La combinación de blanco total y superposición de volúmenes definió un enfoque que puede describirse como “minimalismo maximalista”: paleta reducida con estructuras amplias, que señaló una evolución hacia una imagen más madura y sofisticada.

Un gesto de poder en la tradición del Colón

La actuación de Nicki Nicole en el Teatro Colón trascendió el concierto y constituyó una reinterpretación de la sastrería clásica desde una perspectiva femenina y contemporánea.

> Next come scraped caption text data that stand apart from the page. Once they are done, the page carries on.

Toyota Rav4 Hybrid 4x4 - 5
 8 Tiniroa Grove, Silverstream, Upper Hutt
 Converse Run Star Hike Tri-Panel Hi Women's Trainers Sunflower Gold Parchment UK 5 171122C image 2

Los trajes, pensados para el movimiento y el impacto escénico, dialogaron con la tradición del teatro y con la identidad de la artista.

Además de un desafío artístico, el evento fue un hecho relevante para la música argentina: el vestuario combinó referencias de alta costura y lenguaje urbano, subrayando el cruce entre culturas y generaciones.

El show sinfónico de Nicki Nicole en el Colón quedará vinculado a una doble transformación: la de su música y la de su imagen, ambas orientadas a explorar nuevas formas de expresión escénica y de presencia en el escenario.